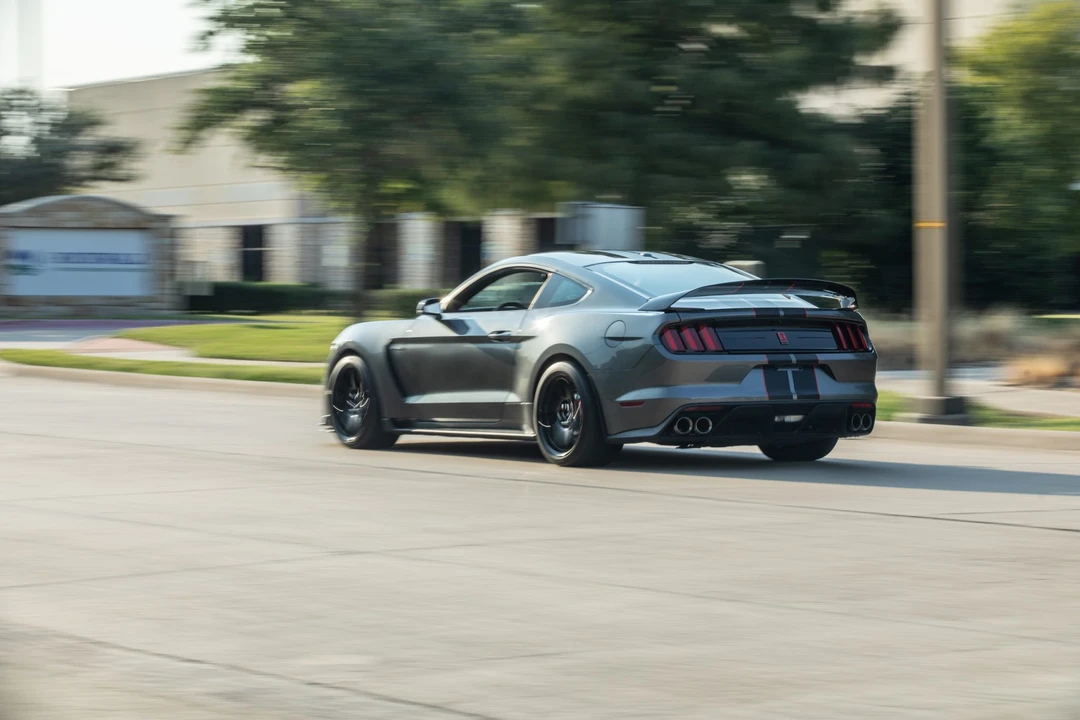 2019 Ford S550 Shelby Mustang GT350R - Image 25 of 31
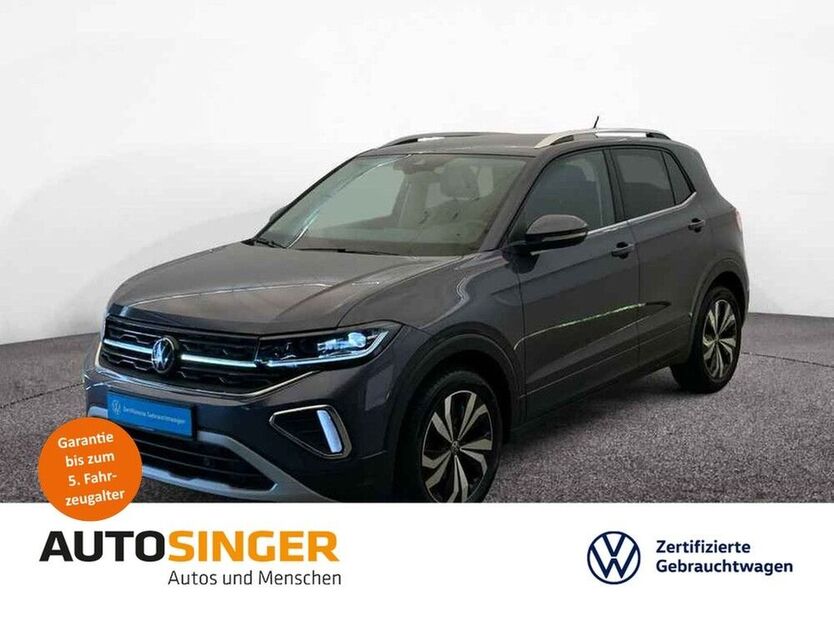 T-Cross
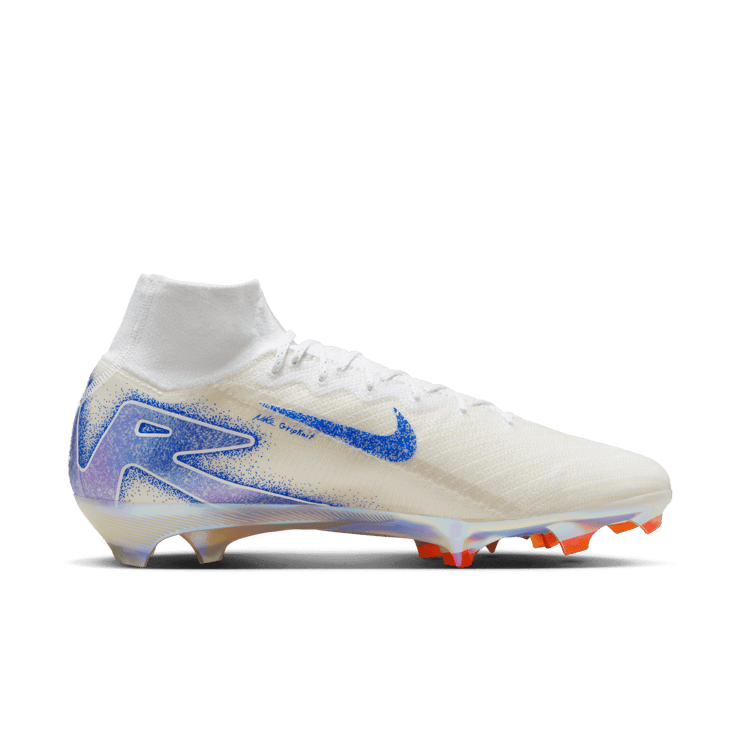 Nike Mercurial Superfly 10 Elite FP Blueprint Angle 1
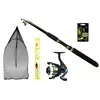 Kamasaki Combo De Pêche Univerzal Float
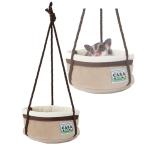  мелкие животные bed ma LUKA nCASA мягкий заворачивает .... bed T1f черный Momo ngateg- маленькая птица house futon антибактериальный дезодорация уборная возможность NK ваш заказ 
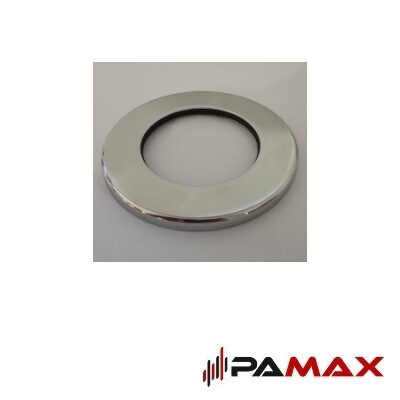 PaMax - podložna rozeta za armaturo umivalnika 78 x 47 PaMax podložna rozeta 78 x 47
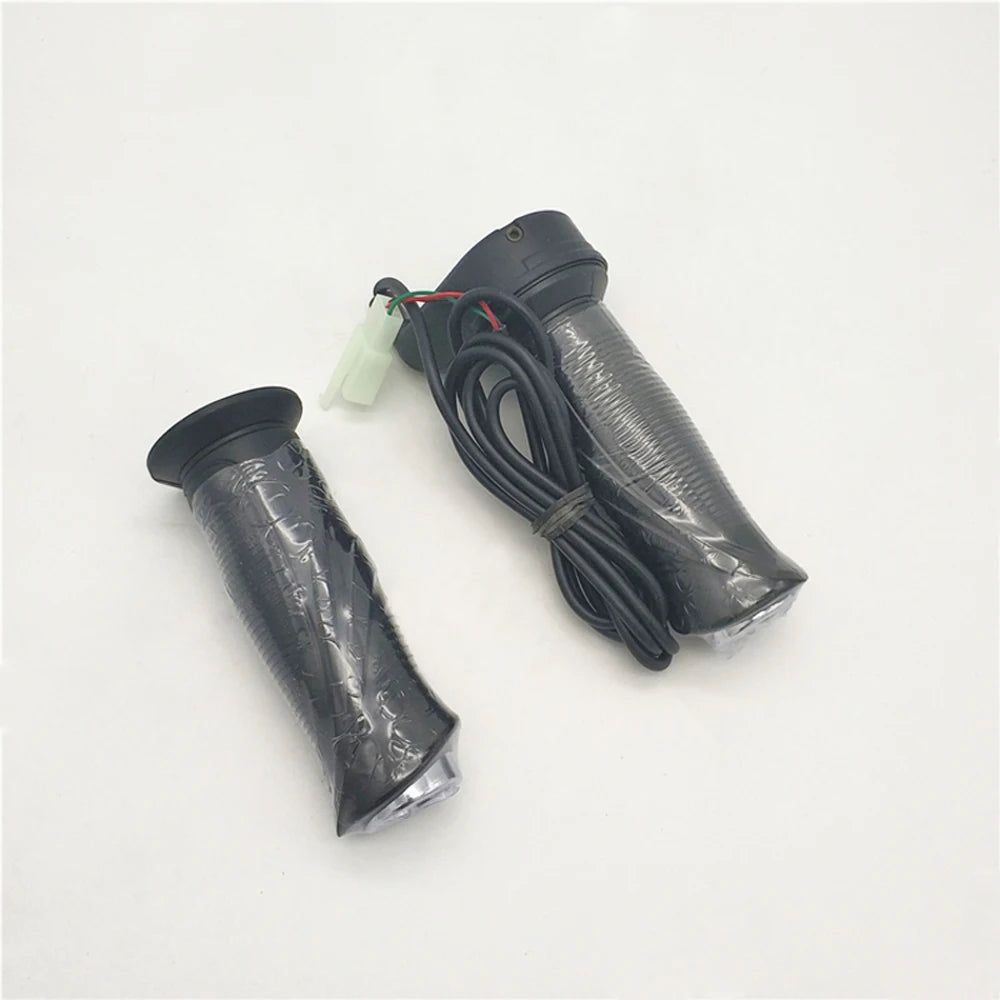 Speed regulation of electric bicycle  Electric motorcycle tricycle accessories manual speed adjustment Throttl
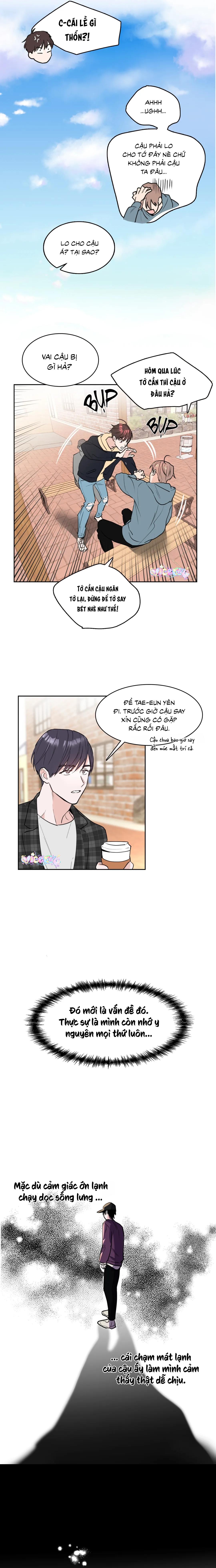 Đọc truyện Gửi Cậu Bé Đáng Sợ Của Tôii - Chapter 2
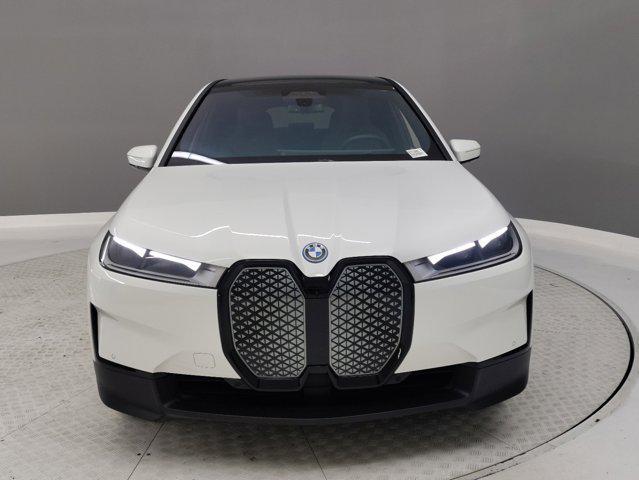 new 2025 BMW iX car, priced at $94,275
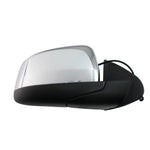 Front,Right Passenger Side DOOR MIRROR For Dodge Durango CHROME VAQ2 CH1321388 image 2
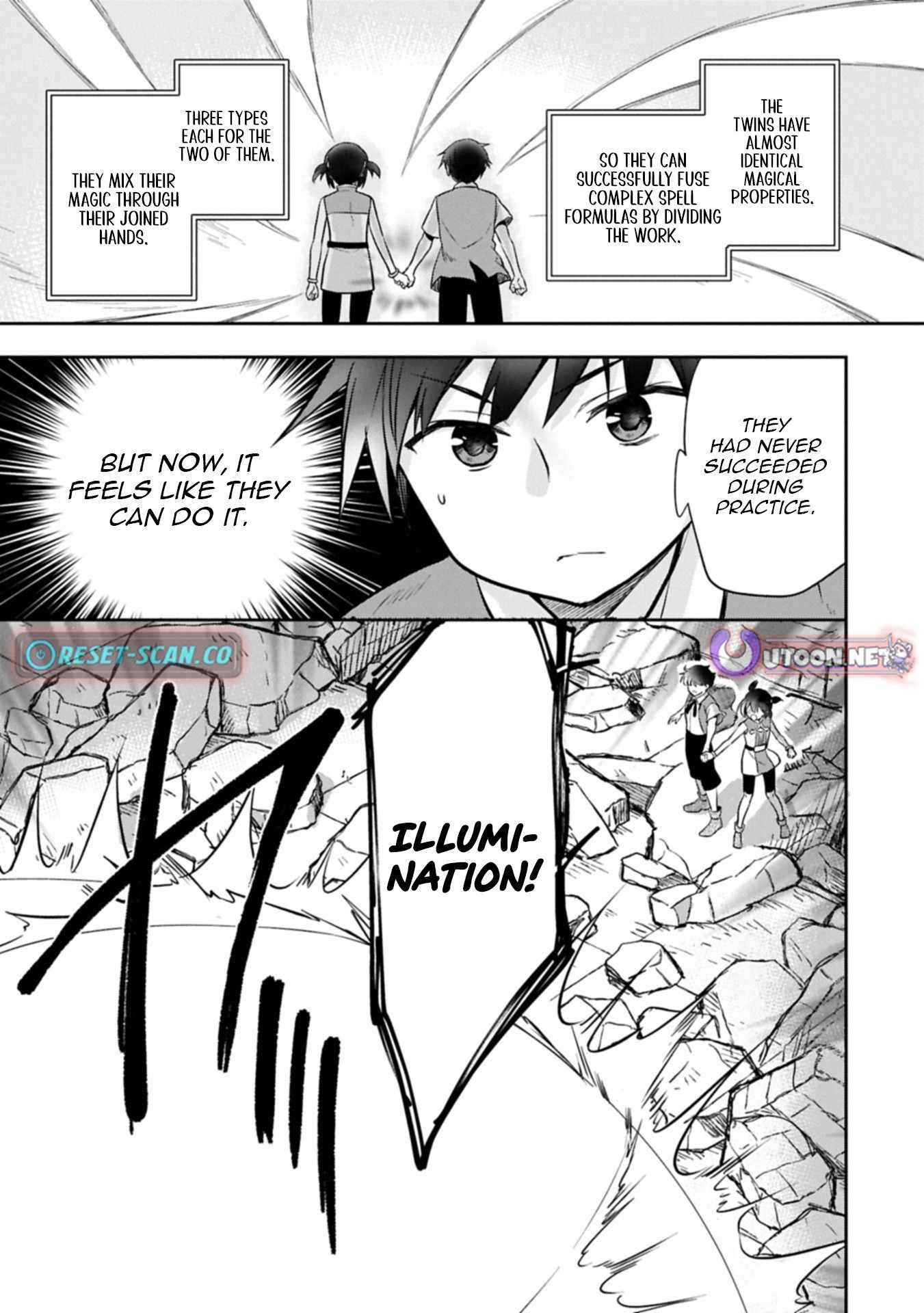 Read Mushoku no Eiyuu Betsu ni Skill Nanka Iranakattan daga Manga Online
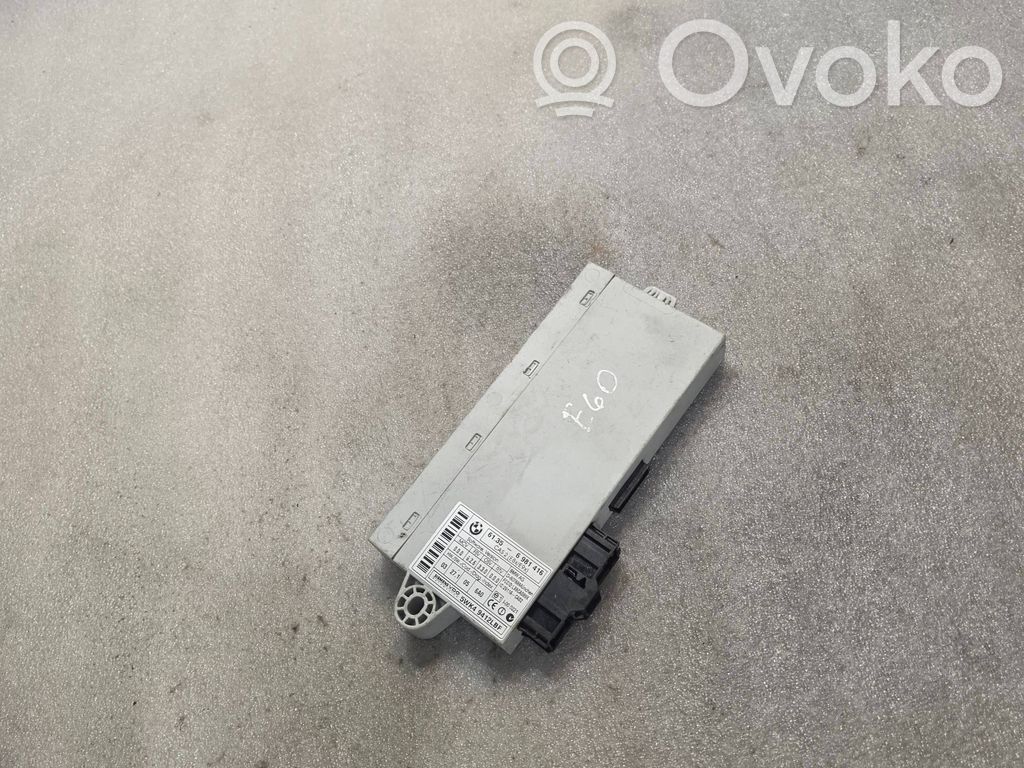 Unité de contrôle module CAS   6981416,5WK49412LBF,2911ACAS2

● **Work item**:
From the line containing "new 2025 BMW iX car, priced at $94,275" to the end of the data above, give those lines again verbatim, with both endpoints included and no images.

● **Answer**:
 new 2025 BMW iX car, priced at $94,275
 Front,Right Passenger Side DOOR MIRROR For Dodge Durango CHROME VAQ2 CH1321388 image 2
 Read Mushoku no Eiyuu Betsu ni Skill Nanka Iranakattan daga Manga Online
 Unité de contrôle module CAS   6981416,5WK49412LBF,2911ACAS2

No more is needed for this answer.